Le Mali se dirige t-il vers une «IBKcratie»?

Après des violences policières, les réseaux sociaux ont été coupés par le régime. Une censure qui passe mal.

Le Mali d'Ibrahim Boubacar Keïta, dit «IBK», est-il en train de prendre un virage autoritaire? La question pourrait sembler saugrenue alors que le Mali est une démocratie relativement solide dans la région, mais le climat politique de ces derniers jours pose question sur les pratiques du régime. 
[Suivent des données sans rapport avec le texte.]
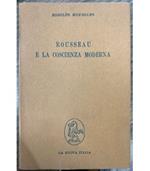 Rousseau e la coscienza moderna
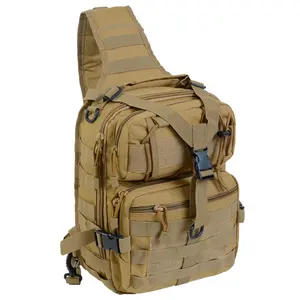 Tactical  Waterproof Chest Bag with  Backpack Diagonal Cross Backpack ed  cpouch   Lightweight Wizard Castle Sling Bag Men's Crossbody Shoulder Bag Men's Crossbody Bag with Skull Design tactical pack Adjustable Waist Fanny Pack travel  on  bags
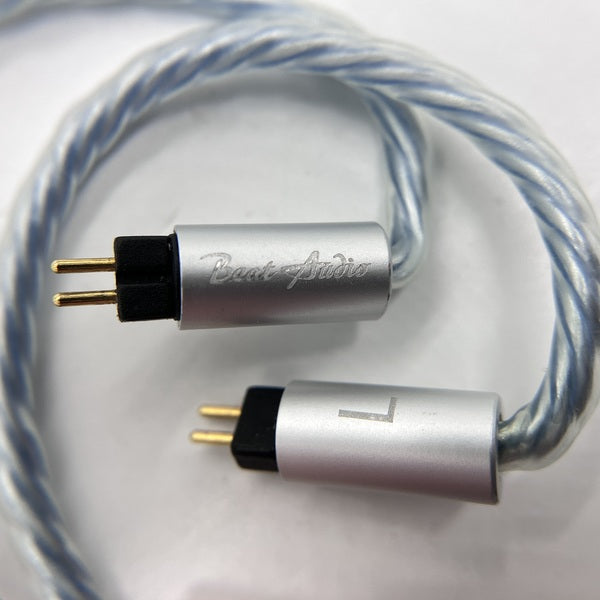 【中古】Silversonic MKVI 8Wire Custom-4.4mm 【BEA-6769】【日本橋】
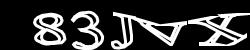 CAPTCHA code image
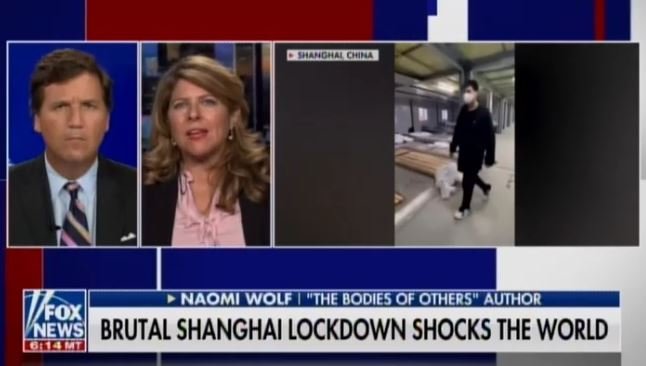 Naomi Wolf Fires a Warning Shot: A Resounding Defeat of Biden at Midterms Will Not Be Allowed, Look for an Impending Emergency to Unfold (VIDEO)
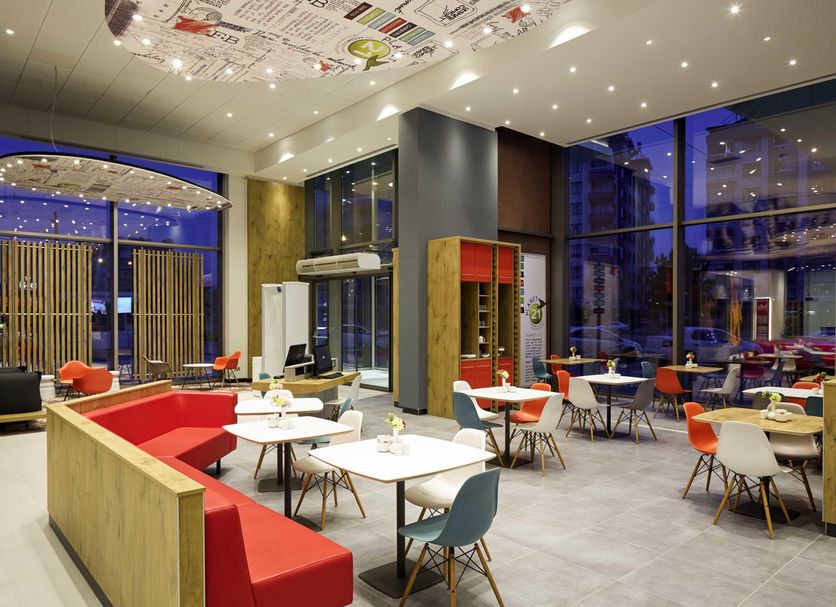 Restaurant Foto
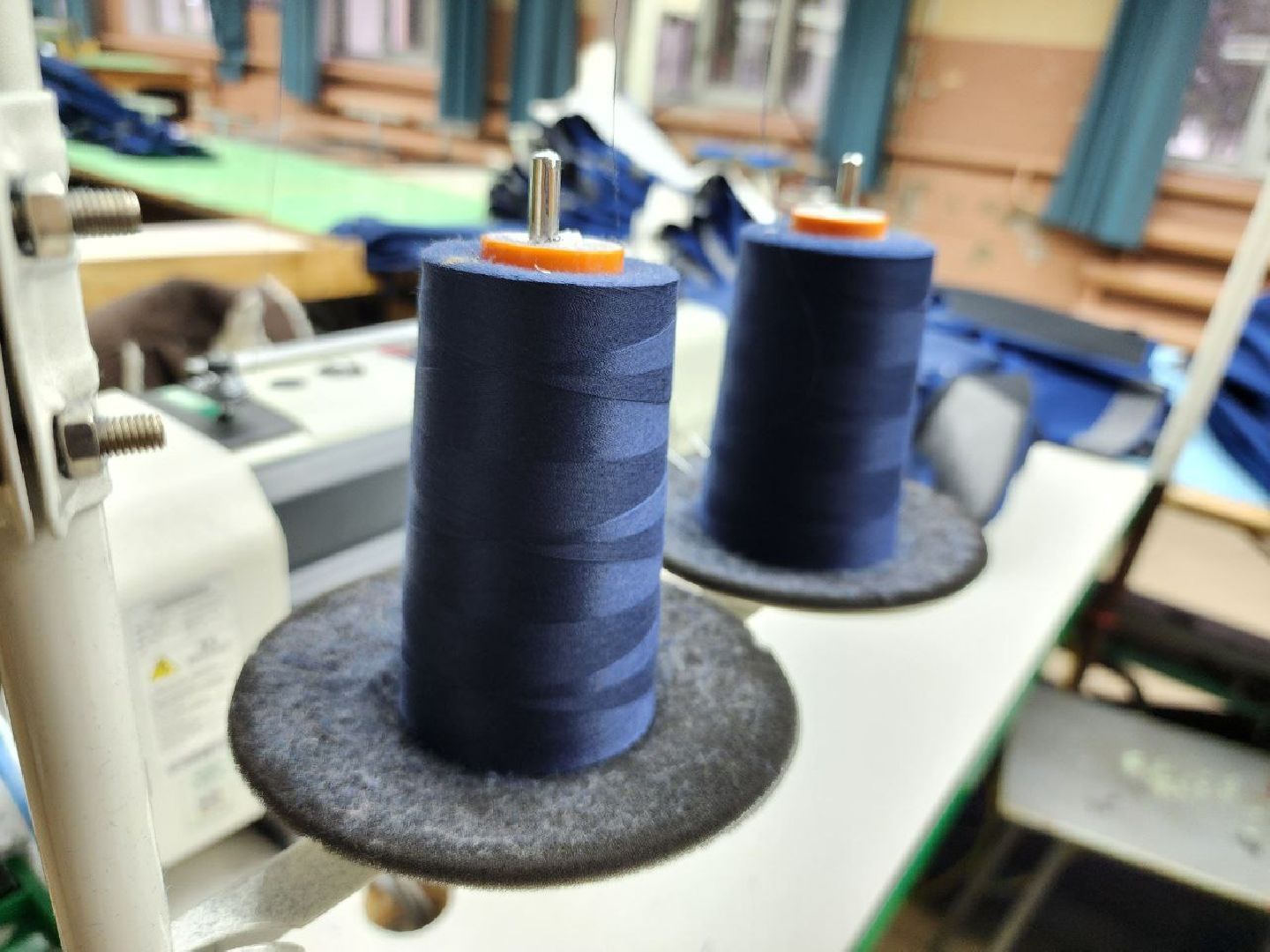 можайск, можайский городской округ, подмосковье, швейная фабрика, экономика, производство, модернизация производства, пошив одежды, старейшее предприятие,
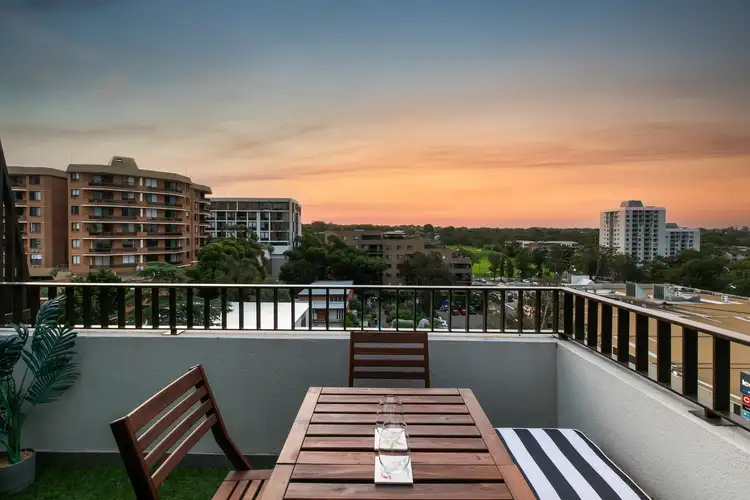 Second view of Homely apartment listing, 26/6 Central Road, Miranda NSW 2228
Tout a commencé avec l'arrestation d'un blogueur, aux prises de positions très critiques contre le gouvernement. Mohammed Youssouf Bathily, surnommé Ras Bath, a été arrêté le 15 août. Mercredi 17 août, plus de 1.000 personnes se sont rassemblées devant le tribunal de la commune 4 dans le quartier de Lafiabougou à Bamako pour protester contre cette décision de justice. 

«Une foule déchaînée casse alors la porte du tribunal pour y pénétrer afin d’empêcher le procureur de prononcer les charges qui pèsent contre l’animateur, qui est aussi le fils du ministre des Domaines de l’État et des Affaires foncières, Mohamed Ali Bathily. Les policiers présents sur le lieu commencent à envoyer des gaz lacrymogènes avant de tirer avec des armes automatiques», rapporte Jeune Afrique. 

À lire aussi: C'est jour d'élection en Ouganda, et le régime a bloqué Facebook et Twitter

Au moins un manifestant est décédé dans ces heurts avec la police, et 17 personnes sont blessées. 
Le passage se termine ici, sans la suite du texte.